Du côté de Luis Soares, on est un peu plus diplomate, même si l’idée reste un peu la même, au fond. « Physiologiquement parlant, les efforts sont totalement différents », renchérit-il.

Difficile de donner tort aux deux intéressés. Un match-marathon se base sur une répétition anormalement élevée d’efforts intenses et courts (les échanges) entrecoupés de pauses (parfois d’interruptions nocturnes), alors que le marathon constitue en soi un seul effort à la fois long et intense. « On court vite et longtemps, c’est un effort organique total », résume Chauvelier, qui insiste sur le relatif effort du joueur de tennis en comparaison : « ce n’est pas un hasard s’ils rejouent dès le lendemain (sic). »

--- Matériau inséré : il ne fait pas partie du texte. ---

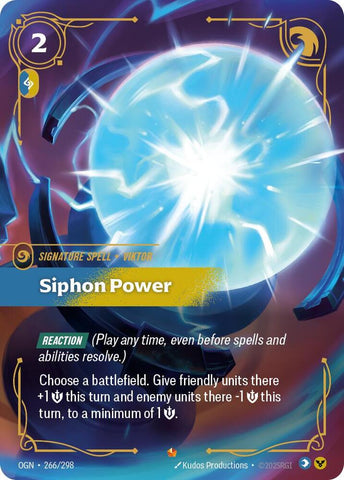 Siphon Power - Origins (OGN)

Et les points communs, dans tout ça ?

Evidemment, on se doutait bien avant de se lancer dans ce sujet que les marathoniens ne s’y retrouveraient pas tout de suite. Mais en pinaillant un peu et en creusant sur d’autres aspects du jeu (et de la course), on a réussi à trouver des similitudes. A commencer par la nécessité de bien s’alimenter pour survivre au choc physique. Luis Soares :

« « Dans le cas d’un match de tennis à rallonge et d’un marathon, il faut se ravitailler pour aller au bout de l’effort. Au tennis, ce sont des aliments plutôt solides. Au marathon, on n’a pas le choix, le ravitaillement est liquide. Mais l’idée est la même, à savoir qu’on ne peut pas faire sans. » »

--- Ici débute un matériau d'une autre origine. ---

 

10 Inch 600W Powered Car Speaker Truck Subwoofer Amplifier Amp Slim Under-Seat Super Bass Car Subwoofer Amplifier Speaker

D’autant qu’au cinquième set, le match change complètement de registre. « Le tennis est un sport qui reste avant tout technique, mais plus il s’allonge, plus le déchet technique est présent et le physique important. En course à pied, quand vous n’êtes pas bien il y a aussi une défaillance technique. La foulée est moins longue et la pression exercée au sol moins forte », analyse Soares. Et son homologue de compléter « comme au marathon, c’est celui qui est le mieux préparé qui finit par gagner. » Bref, plus on avance, plus le physique prévaudra sur le reste, surtout sur une surface aussi exigeante que la terre battue.

Santoro célébrant le point de la victoire contre Arnaud Clément en 2004, à Roland-Garros
Santoro célébrant le point de la victoire contre Arnaud Clément en 2004, à Roland-Garros - CHRISTOPHE ENA/AP/SIPA

Enfin, et c’est sans doute plus évident au tennis que sur une course à pied, la concentration est absolument vitale, estime Dominique Chauvelier.

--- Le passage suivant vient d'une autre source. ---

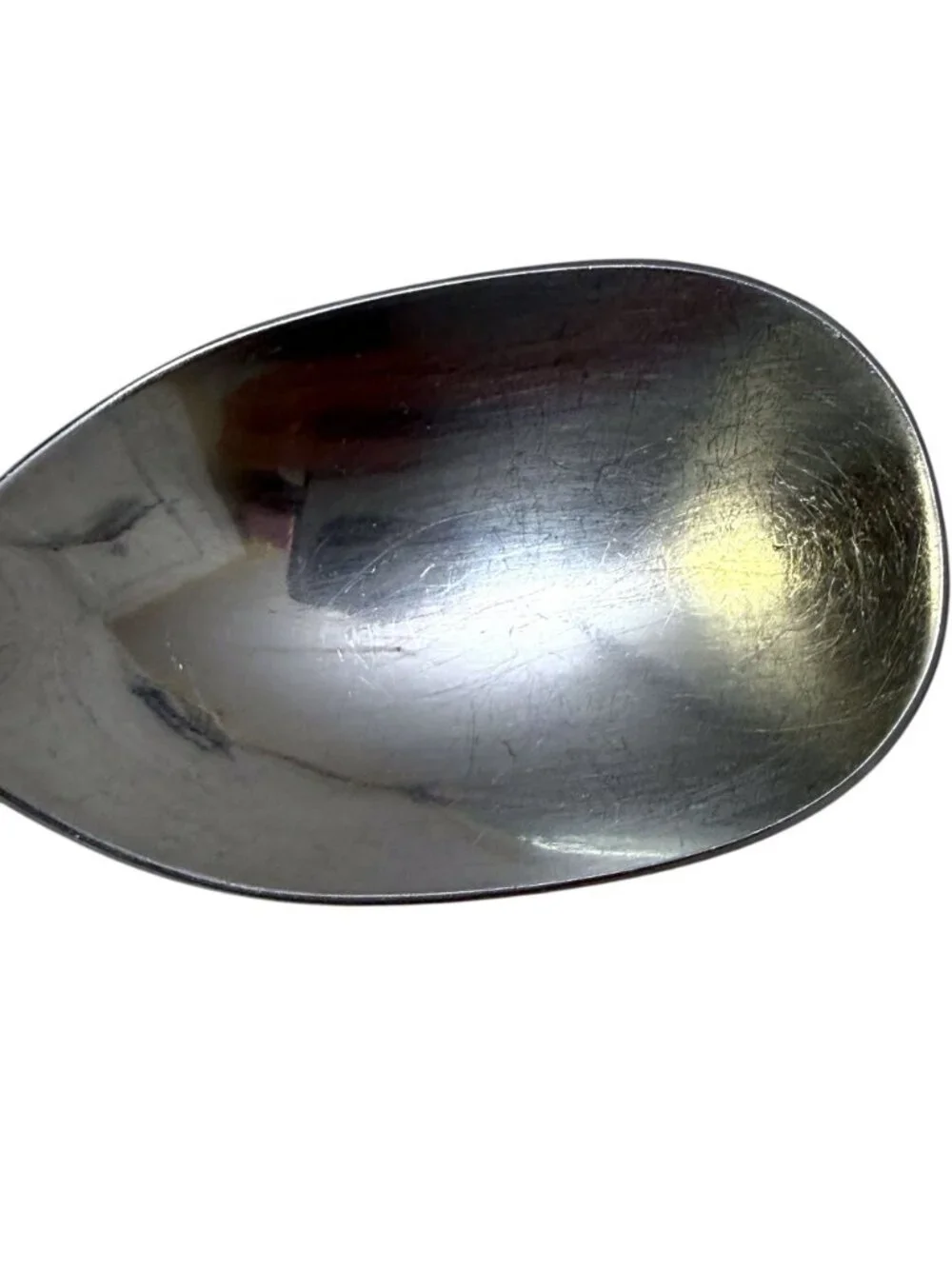 DANSK Anvil Soup Spoon Wood Handle Danish Design Flatware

« « Pour faire un gros chrono en deux heures et quelques ou même un chrono en quatre heures, on recommande d’éviter les gestes parasites notamment au début. Quand je vois des coureurs taper dans les mains des supporters au début je me dis "vous allez le regretter dans les derniers kilomètres". Au tennis c’est un peu pareil, il faut être concentré, ne pas écouter ce qu’il y a dans les tribunes, ce que dit l’adversaire, il faut éviter d’aller voir l’arbitre… » »

Le marathonien luso-français acquiesce. « La perte de concentration en fin de match, ça peut être une mauvaise évaluation des trajectoires, une baisse de l’attention. Les matchs en cinq sets sont aussi une bataille mentale. Finalement, que ce soit en course à pied, au tennis ou dans n’importe quel autre sport, c’est avant tout un combat contre soi-même », conclut-il. C’est beau. Presque autant qu’une rencontre en cinq manches sur l’ocre de la Porte d’Auteuil.